Elena Rivas,Sean R. Eddy
Abstract:We describe a dynamic programming algorithm for predicting optimal RNA secondary structure, including pseudoknots. The algorithm has a worst case complexity of ${\cal O}(N^6)$ in time and ${\cal O}(N^4)$ in storage. The description of the algorithm is complex, which led us to adopt a useful graphical representation (Feynman diagrams) borrowed from quantum field theory. We present an implementation of the algorithm that generates the optimal minimum energy structure for a single RNA sequence, using standard RNA folding thermodynamic parameters augmented by a few parameters describing the thermodynamic stability of pseudoknots. We demonstrate the properties of the algorithm by using it to predict structures for several small pseudoknotted and non-pseudoknotted RNAs.
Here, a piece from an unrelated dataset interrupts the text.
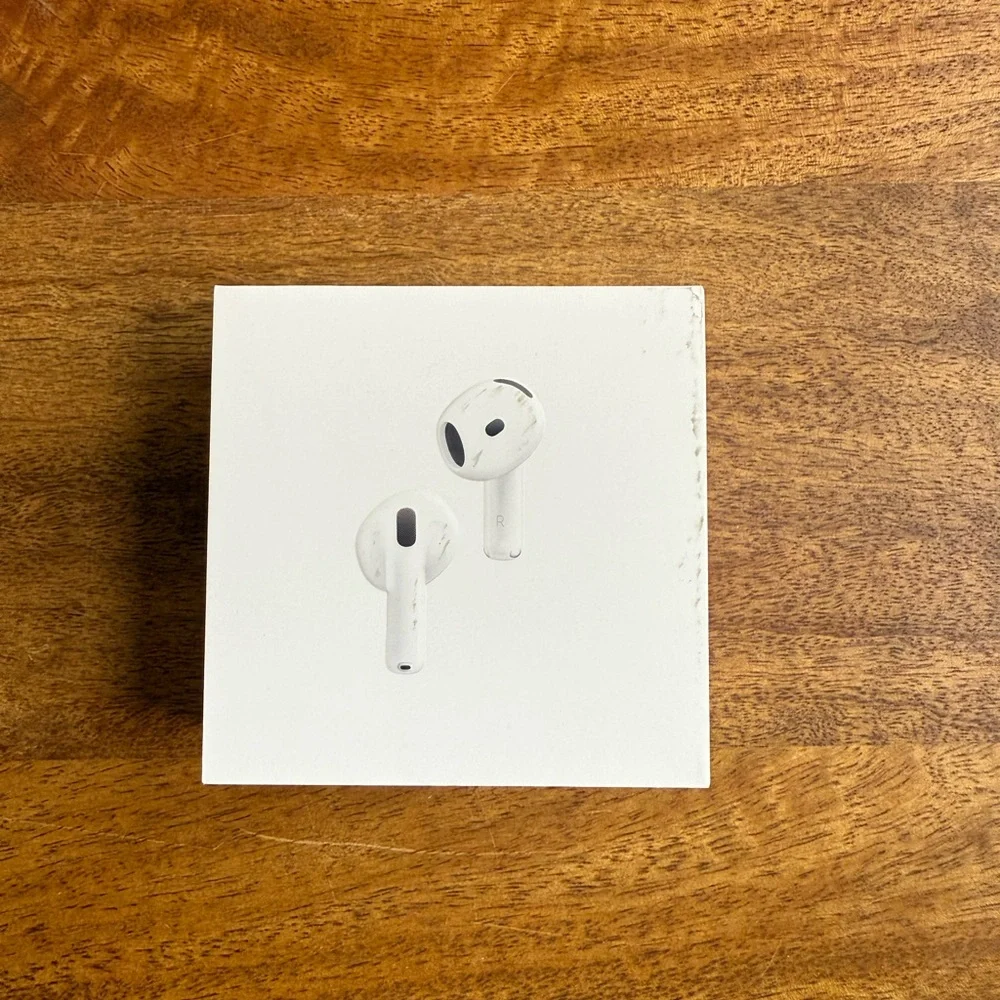 {Apple} AirPods 4 with Active Noise Cancellation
Although the time and memory demands of the algorithm are steep, we believe this is the first algorithm to be able to fold optimal (minimum energy) pseudoknotted RNAs with the accepted RNA thermodynamic model.
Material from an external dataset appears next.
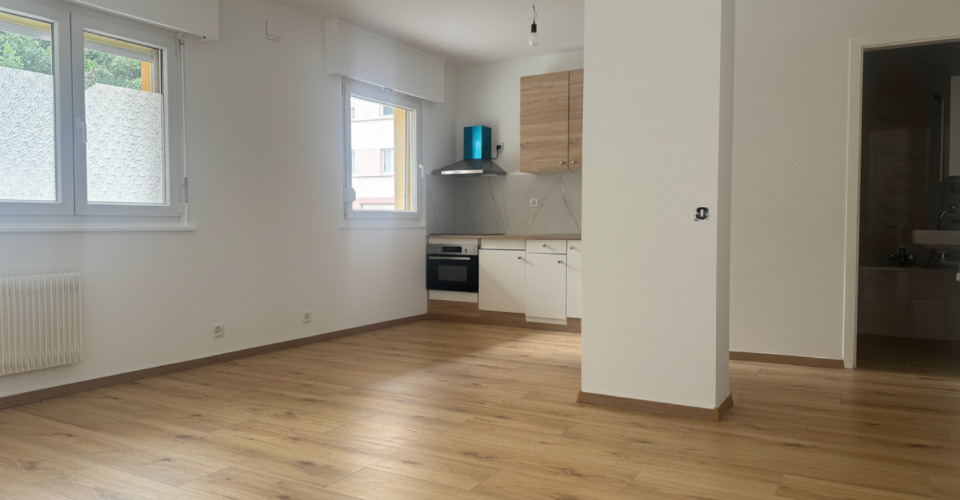 Appartement 2.5 pièces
What problem does this paper attempt to address?
This paper aims to solve an important problem in RNA secondary structure prediction, that is, how to accurately predict RNA structures containing pseudoknots. Traditional dynamic programming algorithms such as the Zuker algorithm can only predict RNA structures that conform to the "nested" rule and cannot handle non - nested structures such as pseudoknots. Pseudoknots are widespread in some functionally important RNA molecules, so it is of great significance to develop algorithms capable of predicting pseudoknots.
### Problems the paper attempts to solve
1. **Limitations of existing algorithms**: Existing RNA secondary structure prediction algorithms, such as the Zuker algorithm, are based on dynamic programming and can find the optimal nested structure within O(N^3) time complexity and O(N^2) space complexity. However, these algorithms cannot handle pseudoknots because pseudoknots violate the nested rule.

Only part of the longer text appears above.